Multiple human annotated datasets are contain within MSAF to facilitate the assessment of structural segmentation algorithms. Due to the heavy file sizes, the datasets can be found in the following separate repo: https://github.com/urinieto/msaf-data

Alternative, you can get this repo by getting all the submodules of the main MSAF repo, like this:

git clone --recursive git://github.com/urinieto/msaf.git

Below we describe the format of the datasets and enumerate all the available ones. Note that due to copyright reasons no audio is provided for most datasets.

Dataset Format

The MSAF datasets should have the following directory structure:

my_collection/
├──  audio: The audio files of your collection.
├──  estimations: Estimations (output) by MSAF. Should be empty initially.
├──  features: Feature files for speeding up running time. Should be empty initially.
└──  references: Human references for evaluation purposes. Only needed to perform evaluations.

These default directories can be changed in the MSAF config parameters (see Configuration).
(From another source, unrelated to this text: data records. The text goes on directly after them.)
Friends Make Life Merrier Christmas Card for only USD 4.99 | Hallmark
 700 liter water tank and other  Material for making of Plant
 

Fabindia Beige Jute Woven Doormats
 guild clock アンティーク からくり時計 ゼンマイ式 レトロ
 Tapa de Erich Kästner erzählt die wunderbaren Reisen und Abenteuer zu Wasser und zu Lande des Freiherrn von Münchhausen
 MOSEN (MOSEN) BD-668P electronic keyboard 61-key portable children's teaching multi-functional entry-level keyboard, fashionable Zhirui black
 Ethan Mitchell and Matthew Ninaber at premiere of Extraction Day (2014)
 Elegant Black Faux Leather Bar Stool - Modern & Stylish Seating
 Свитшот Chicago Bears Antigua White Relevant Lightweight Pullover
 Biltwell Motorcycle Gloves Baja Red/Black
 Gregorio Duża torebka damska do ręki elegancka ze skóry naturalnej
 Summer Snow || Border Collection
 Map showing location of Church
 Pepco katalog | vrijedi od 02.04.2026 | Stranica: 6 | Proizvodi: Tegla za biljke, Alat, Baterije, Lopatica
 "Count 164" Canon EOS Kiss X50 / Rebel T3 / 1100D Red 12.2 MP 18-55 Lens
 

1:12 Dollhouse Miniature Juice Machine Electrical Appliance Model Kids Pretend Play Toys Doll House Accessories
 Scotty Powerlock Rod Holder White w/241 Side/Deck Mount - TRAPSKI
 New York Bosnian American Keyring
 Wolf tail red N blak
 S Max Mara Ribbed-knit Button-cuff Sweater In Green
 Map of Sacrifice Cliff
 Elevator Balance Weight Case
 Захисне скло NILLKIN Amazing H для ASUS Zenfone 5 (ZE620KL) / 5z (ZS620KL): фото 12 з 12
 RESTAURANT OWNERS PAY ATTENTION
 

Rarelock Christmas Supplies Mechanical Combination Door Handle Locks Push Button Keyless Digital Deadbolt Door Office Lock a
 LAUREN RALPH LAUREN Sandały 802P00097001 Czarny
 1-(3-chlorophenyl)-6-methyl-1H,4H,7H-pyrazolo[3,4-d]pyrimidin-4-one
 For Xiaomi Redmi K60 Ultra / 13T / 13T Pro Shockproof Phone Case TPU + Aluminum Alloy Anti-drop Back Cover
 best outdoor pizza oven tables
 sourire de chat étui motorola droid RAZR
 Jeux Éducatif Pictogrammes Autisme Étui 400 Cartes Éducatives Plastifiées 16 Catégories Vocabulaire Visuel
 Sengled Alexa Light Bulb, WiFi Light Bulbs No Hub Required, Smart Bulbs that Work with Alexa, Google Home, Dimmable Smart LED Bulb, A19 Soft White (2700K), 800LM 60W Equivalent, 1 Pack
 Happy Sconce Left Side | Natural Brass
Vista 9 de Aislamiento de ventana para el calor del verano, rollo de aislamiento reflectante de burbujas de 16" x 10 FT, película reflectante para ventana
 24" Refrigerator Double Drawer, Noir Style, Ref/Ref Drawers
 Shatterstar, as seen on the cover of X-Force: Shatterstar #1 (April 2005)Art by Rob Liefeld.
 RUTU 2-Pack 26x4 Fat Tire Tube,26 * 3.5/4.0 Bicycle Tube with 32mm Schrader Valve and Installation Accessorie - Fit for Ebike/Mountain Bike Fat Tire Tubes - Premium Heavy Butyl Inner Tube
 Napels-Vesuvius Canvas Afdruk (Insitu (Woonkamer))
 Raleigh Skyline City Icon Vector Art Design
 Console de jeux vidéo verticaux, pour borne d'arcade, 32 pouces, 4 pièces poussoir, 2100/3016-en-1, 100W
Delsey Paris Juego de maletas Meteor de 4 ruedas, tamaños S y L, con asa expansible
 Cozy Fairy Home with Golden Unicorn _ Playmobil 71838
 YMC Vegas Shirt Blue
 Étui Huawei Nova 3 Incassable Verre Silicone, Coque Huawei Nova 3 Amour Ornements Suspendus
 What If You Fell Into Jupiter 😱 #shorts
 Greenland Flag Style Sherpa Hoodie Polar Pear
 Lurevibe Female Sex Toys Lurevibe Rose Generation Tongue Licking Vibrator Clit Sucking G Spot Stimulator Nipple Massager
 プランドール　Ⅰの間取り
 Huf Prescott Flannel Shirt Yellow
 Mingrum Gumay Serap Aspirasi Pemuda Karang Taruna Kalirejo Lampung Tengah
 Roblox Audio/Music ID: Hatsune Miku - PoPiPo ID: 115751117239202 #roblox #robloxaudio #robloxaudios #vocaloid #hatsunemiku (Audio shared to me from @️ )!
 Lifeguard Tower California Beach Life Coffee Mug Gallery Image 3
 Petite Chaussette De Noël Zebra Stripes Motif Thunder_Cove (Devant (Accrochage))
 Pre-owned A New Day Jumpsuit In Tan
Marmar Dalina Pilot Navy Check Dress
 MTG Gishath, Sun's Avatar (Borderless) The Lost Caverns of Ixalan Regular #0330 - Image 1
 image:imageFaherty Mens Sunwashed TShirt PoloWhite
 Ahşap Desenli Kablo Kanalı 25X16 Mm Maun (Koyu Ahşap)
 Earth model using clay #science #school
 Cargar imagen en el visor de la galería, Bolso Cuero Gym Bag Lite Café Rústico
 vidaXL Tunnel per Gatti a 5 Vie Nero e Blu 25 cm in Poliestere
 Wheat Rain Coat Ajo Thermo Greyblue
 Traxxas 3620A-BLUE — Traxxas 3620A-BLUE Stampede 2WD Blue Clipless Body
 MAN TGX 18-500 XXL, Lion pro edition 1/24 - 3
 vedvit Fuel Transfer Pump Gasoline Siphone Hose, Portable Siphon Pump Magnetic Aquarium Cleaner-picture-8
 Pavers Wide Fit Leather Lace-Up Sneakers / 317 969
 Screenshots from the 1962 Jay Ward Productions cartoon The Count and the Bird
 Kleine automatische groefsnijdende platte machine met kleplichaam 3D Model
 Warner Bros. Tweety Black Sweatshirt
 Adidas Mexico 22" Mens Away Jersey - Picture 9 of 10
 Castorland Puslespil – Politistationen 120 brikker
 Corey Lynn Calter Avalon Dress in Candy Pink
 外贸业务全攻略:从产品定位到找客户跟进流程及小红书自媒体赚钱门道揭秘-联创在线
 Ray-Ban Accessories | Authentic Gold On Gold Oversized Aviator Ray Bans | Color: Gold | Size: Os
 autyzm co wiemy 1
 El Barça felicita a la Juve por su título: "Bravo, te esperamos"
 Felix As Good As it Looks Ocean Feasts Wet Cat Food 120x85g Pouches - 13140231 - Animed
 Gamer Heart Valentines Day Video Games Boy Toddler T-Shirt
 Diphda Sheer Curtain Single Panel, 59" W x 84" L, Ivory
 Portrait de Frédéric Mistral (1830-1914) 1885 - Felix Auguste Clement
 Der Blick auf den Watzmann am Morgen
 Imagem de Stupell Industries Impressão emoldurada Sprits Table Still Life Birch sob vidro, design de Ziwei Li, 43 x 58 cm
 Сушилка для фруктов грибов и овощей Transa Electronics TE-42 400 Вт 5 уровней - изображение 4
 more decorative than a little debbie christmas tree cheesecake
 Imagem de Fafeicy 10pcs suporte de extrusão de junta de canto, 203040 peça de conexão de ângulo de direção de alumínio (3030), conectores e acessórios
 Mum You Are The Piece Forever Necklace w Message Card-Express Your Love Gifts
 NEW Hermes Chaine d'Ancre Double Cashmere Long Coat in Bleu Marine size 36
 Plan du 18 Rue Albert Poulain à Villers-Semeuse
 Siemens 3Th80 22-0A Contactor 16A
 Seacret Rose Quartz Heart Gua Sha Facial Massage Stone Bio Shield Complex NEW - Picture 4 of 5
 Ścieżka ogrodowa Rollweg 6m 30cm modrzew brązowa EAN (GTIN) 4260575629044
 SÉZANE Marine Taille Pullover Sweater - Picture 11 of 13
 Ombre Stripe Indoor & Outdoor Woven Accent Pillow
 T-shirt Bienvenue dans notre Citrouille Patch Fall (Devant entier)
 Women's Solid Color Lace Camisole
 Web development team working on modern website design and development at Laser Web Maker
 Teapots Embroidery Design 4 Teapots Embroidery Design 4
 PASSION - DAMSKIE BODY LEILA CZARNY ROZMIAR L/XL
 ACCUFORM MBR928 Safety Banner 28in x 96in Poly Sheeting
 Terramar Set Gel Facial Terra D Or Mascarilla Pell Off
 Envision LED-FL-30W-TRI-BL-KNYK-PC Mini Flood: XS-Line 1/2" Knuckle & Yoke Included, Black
The references are stored using the JAMS format. Check out the official JAMS repo and the original publication.

The Beatles TUT Dataset

Dataset corrected by the Tampere University of Technology. It contains 174 structural annotations, one for each Beatles song.

Isophonics Dataset

A series of pop songs including, in some cases, beat and key annotations. The total number of structural annotations is 300, one for each song. The Beatles dataset is also included here, but the annotations slightly differ.

SALAMI Dataset

The Structural Analysis of Large Amounts of Music Information dataset (see official website). The structure of 1164 tracks has been annotated, most of the times by two different music experts.

SPAM Dataset

Structural Poly Annotations of Music, which contains 5 different structural annotations for each of the 50 tracks. Pre-computed features are also available. Please read more [here](https://github.com/urinieto/msaf-data/tree/master/SPAM).

Sargon Dataset

A small dataset of 30 minutes of heavy metal music. It includes audio.